An oriental metamorphosis

THOUGH Japanese born (in Kyoto, 1944) Kuroda has lived for over a quarter century in Paris, where seemingly he is a respected…

THOUGH Japanese born (in Kyoto, 1944) Kuroda has lived for over a quarter century in Paris, where seemingly he is a respected figure. He does not wear his Orientalism on his kimono sleeves, however the style is thoroughly "international", even international eclectic. That term might seem to deny him a distinctive personality, which would be unjust, since the artistic personality is strong, clear cut and in some cases almost domineering.

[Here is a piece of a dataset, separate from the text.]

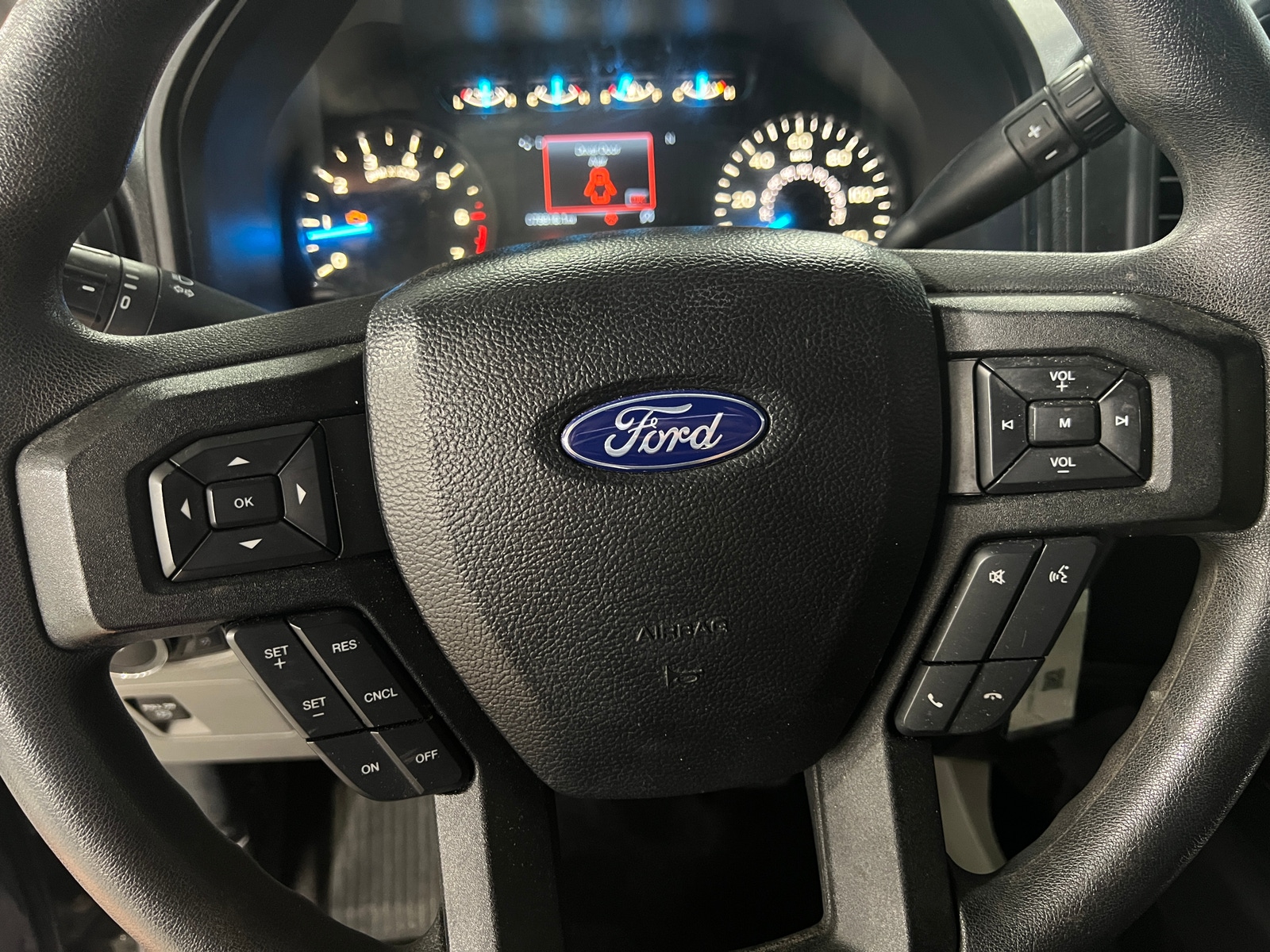Thumbnail: 2016 Ford Econoline - 5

Black and white dominate the exhibition, often in hard, angular shapes and flat areas of colour which at first seem as unyielding and unresonant as the Hard Edge abstraction of the 1960s. The impression is misleading, since other dimensions then open up, almost as if you had discovered another field of visual activity at the back of your television screen. Certain of the works convey a strange sense of vertigo, while others give an equally strange feeling of strain and imminent collapse. And other pictures which at first appear to be entirely abstract turn out to have tiny teasing, enigmatic figures dwarfed further by the flat, massive shapes.

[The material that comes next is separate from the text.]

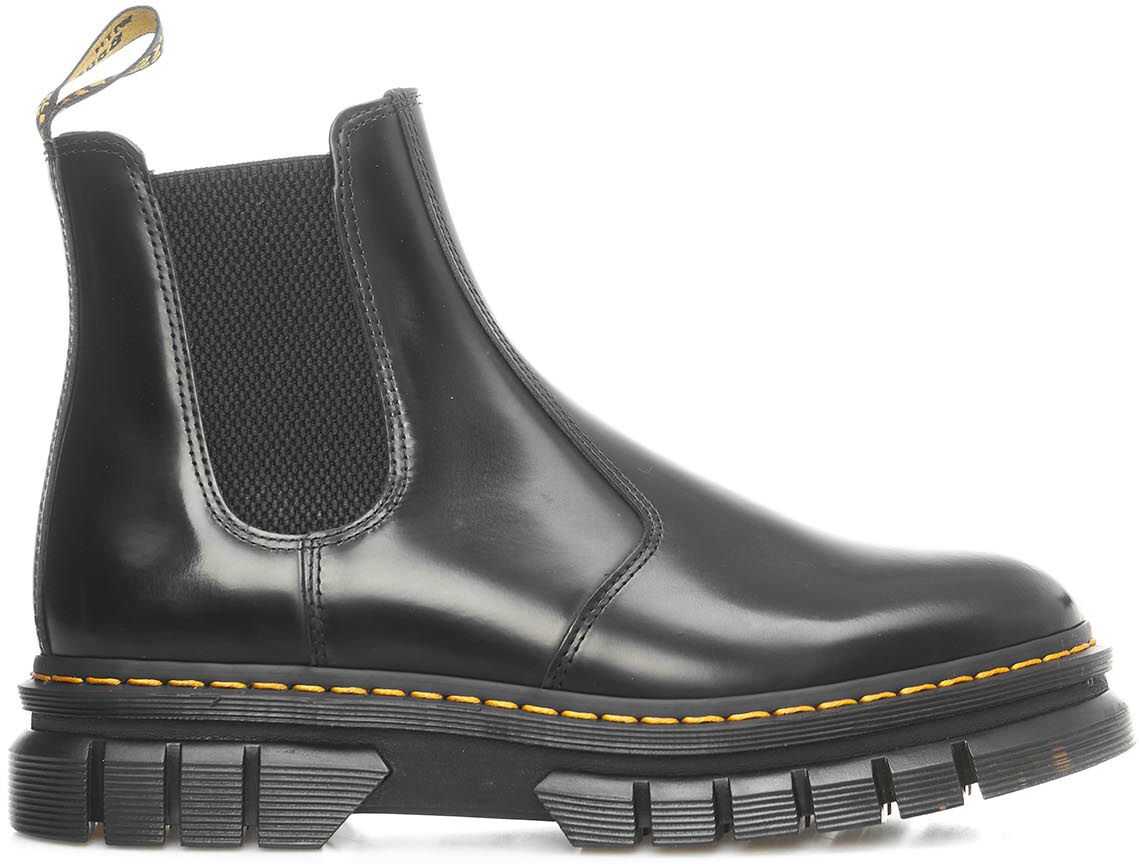 Dr. Martens Chelsea boots 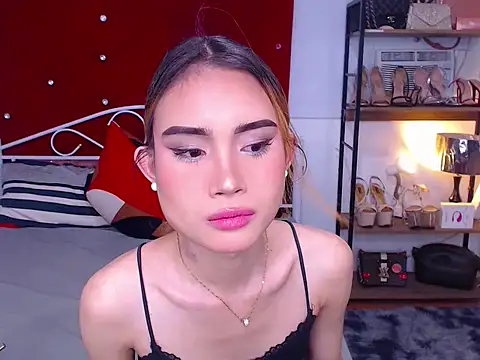 MeatyhorsecockMistress live sex cam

An introductory essay says that Kuroda is obsessed by images of metamorphosis, chaos, etc which is revealing, even if we have heard the same thing before from other artists, and many times over. In one large painting, a vulvalike shape in the centre threatens to expand and swallow up its surrounds like a volcanic crack in the ground; in the towering, and impressive, triptych called The Darkness of Paradise, which is dominated by resonant blacks and purples, a white shape like a female mannequin stands dead in the centre and splits up the entire work like a seismic rift - in a cliff face, a sort of visual caesura. This female shape, incidentally, is repeated in various works like a musical theme, and at times I was reminded of the American Robert Moskowitz.

In quieter and more contemplative mood, the works on paper just inside the door have a cooler, more svelte and harmonious quality. They utilise softer, less jagged shapes - for instance, a kind of large, inverted leaf motif, and they also demonstrate a skilful and subtilised use of dark, velvety colours. This is authentic Parisian cosmopolitan art, cultured and elegant and with no overstatement or rhetoric. By contrast, the oil pastels in the inner room are almost commonplace - the kind of thing which Picasso and Matisse started, and which hundreds of artists have imitated since.